Joe ouvira com espanto as lamúrias de Ellen.
_ Mas, o
velho já não anda! Defeca-se todo... Não sabe o quanto eu sofro!
_ Eu sei, mas
ele me ensinou...
_ Tá,
entendo, mas o tempo dele passou! Já viveu demais, precisamos matá-lo. Só ele
terá descanso e poderemos assumir o nosso amor.
_ Eu não...
_ Apareça
hoje à noite em minha casa, o velho estará dormindo. Tenho tudo em mente, lá te
explico, será indolor... A seguir fugimos!
E assim, cada
segundo que antecedeu o horário marcado para o plano fora um eterno tormento
para Big Joe. Afinal, muito embora seu passado o condenasse ele já não podia
cometer tal selvageria. E ainda mais com o velho marujo, o senhor dócil que o
ensinara tudo! Logo, Big Joe conseguira apenas consumir uma amarra de seu queijo
enquanto se embriagava de um amargo vinho do porto. E fora assim, acompanhado
apenas pelo seu suor frio e pelas profundas notas da voz de Nina Simone que B.

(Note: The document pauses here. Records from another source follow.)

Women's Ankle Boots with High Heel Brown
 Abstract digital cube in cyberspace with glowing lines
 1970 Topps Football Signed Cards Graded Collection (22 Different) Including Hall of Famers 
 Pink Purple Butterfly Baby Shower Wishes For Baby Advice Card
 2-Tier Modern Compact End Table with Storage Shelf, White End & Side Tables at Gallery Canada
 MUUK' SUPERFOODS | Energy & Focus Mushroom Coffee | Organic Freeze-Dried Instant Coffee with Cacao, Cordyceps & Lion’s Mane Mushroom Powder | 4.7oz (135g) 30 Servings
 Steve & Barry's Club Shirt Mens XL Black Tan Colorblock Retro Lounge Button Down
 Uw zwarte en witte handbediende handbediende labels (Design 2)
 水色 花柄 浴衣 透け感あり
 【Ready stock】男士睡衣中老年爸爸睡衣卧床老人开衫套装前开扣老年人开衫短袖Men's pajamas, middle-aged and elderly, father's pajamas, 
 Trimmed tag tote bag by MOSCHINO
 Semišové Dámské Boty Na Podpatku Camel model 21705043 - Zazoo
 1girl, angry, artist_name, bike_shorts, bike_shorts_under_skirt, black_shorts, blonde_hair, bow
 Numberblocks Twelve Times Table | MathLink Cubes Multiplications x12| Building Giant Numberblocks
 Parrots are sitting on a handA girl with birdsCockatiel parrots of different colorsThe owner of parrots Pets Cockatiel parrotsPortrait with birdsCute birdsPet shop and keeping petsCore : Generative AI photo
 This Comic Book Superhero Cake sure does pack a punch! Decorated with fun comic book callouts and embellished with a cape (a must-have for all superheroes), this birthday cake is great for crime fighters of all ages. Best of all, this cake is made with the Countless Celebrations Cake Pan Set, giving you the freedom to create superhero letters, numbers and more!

Joe adormeceu e selou a sua recusa a tal carnificina.
No dia
seguinte, fora acordado ao meio dia por incansáveis batidas em sua porta.
_ Senhor Joe,
Big... Senhor Joe! Aqui é o chefe de polícia!
_ Ah... O
quê? Eu...
_ Parece meio
desnorteado, senhor!
_ É, eu
não...
_ Bem, parece
ter dormido a manhã inteira, do contrário saberia que seu amigo Elísio fora
vitima de uma tentativa de assassinato!
_ E ele?
_ Está bem, e
deseja vê-lo. Por isto estou aqui!
E assim um
tanto apreensivo Big Joe fora conduzido, com o coração na boca, pela viatura de
polícia até a casa do velho marujo. Ao chegar encontrou alguns peritos a
conversar no jardim e a vizinhança a cochichar ao redor das cercas. Elísio
encontrava-se em sua cadeira de rodas, no centro da sala, sob ele pairava uma
densa luz fúnebre mesclada a um olhar de desolação.
_ Você já
sabe?
_ É, sei..
_ Tentou me envenenar
e fugiu, porém fui encontrado e socorrido pelo mordomo!
_ É uma
lástima!
_ Sabe também
que há tempos eu já desconfiava tudo? Todo o plano!
_ Tudo?
_ Não se
preocupe, mas como pode trair-me?
_ É, eu
não... Perdoe-me, está certo, faça o quiser! Ela me seduziu, eu pude traí-lo,
mas para matá-lo não tive coragem!
_ Pardon?
E ouviu-se o
febril ensaio de uma gargalhada pela casa, e após um intervalo para a tosse o
velho marujo pronunciou-se.
_ Não pela
infidelidade! Mas, pela deslealdade de não me ter matado!